━━━━━ Material for this task
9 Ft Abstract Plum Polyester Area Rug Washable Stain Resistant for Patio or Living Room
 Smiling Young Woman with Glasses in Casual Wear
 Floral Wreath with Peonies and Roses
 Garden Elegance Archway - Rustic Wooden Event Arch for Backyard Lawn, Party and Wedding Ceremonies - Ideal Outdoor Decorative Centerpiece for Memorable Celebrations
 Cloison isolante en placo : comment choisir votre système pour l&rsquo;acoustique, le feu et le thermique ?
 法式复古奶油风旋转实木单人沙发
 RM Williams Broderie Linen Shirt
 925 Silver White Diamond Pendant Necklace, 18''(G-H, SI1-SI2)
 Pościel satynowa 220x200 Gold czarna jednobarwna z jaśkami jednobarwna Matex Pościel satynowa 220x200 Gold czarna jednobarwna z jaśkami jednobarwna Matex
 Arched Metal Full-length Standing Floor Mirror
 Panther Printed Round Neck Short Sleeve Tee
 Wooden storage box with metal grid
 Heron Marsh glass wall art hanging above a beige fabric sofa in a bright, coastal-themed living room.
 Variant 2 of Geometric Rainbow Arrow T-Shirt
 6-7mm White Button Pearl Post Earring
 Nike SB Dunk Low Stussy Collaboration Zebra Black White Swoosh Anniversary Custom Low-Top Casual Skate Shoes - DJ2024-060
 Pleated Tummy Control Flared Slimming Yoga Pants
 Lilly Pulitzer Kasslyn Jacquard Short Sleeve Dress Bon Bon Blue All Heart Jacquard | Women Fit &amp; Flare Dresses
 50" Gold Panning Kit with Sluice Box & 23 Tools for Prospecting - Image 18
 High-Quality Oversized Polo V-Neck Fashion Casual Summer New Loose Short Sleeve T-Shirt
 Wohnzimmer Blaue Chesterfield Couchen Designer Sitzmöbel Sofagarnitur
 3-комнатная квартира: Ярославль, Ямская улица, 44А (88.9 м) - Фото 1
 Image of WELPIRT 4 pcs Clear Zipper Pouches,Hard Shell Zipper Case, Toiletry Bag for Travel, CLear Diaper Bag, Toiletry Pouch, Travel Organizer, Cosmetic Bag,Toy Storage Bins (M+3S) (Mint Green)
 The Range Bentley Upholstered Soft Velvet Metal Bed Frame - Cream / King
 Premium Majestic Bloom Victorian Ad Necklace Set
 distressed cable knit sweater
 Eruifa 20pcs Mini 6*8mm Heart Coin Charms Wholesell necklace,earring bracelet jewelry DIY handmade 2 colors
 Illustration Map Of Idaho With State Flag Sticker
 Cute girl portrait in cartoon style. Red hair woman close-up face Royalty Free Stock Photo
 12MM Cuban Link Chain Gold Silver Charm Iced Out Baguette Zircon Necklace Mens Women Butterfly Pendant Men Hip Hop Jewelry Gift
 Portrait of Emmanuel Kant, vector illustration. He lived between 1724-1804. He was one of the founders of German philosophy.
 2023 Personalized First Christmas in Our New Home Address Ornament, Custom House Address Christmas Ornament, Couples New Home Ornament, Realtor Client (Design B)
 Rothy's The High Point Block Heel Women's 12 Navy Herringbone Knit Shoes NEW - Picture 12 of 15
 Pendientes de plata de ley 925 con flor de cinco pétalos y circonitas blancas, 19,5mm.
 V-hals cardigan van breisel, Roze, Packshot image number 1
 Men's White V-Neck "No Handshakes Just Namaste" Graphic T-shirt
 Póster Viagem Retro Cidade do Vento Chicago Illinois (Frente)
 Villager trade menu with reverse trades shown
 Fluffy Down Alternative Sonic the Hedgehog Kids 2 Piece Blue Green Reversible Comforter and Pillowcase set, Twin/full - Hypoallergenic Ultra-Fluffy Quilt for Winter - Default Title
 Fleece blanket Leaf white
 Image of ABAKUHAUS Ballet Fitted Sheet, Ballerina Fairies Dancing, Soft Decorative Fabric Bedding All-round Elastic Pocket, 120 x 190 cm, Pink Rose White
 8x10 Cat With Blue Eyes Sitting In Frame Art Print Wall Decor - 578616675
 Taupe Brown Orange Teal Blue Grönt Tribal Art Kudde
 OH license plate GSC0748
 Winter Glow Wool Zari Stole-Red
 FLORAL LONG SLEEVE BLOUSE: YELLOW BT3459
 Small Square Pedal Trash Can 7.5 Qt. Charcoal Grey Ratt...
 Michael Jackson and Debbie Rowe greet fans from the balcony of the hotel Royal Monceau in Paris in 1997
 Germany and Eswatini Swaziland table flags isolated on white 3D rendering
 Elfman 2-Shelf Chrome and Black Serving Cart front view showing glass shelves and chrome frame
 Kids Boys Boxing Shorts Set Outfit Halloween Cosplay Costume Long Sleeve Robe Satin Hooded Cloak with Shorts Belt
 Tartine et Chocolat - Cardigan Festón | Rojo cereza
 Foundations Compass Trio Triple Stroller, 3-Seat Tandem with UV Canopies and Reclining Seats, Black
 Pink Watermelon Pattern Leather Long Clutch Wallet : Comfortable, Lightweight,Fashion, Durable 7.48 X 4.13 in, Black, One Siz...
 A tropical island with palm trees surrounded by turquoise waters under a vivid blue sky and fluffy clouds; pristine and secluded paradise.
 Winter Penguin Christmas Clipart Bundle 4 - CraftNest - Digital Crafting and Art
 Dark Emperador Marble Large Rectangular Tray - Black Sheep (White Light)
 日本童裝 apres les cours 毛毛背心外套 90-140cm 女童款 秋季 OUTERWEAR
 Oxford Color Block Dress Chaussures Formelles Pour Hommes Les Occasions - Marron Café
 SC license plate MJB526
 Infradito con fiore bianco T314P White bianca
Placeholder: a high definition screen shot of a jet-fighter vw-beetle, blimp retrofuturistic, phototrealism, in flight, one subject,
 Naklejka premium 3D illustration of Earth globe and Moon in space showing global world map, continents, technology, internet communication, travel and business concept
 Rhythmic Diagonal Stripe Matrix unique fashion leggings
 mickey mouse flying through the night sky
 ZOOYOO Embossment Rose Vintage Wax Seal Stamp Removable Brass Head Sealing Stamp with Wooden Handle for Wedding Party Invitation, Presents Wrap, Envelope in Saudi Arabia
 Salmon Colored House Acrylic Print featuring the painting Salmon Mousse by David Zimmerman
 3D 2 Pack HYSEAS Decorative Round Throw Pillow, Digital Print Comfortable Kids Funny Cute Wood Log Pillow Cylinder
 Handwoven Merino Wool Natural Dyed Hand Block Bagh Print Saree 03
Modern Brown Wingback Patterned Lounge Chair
━━━━━━━━━━
▶ **Requirement**:
Take the entries above and return only the lines from the one with "Winter Penguin Christmas" to the one with "Placeholder: a high", both included, unchanged.

▶ **Answer for the task**:
 Winter Penguin Christmas Clipart Bundle 4 - CraftNest - Digital Crafting and Art
 Dark Emperador Marble Large Rectangular Tray - Black Sheep (White Light)
 日本童裝 apres les cours 毛毛背心外套 90-140cm 女童款 秋季 OUTERWEAR
 Oxford Color Block Dress Chaussures Formelles Pour Hommes Les Occasions - Marron Café
 SC license plate MJB526
 Infradito con fiore bianco T314P White bianca
Placeholder: a high definition screen shot of a jet-fighter vw-beetle, blimp retrofuturistic, phototrealism, in flight, one subject,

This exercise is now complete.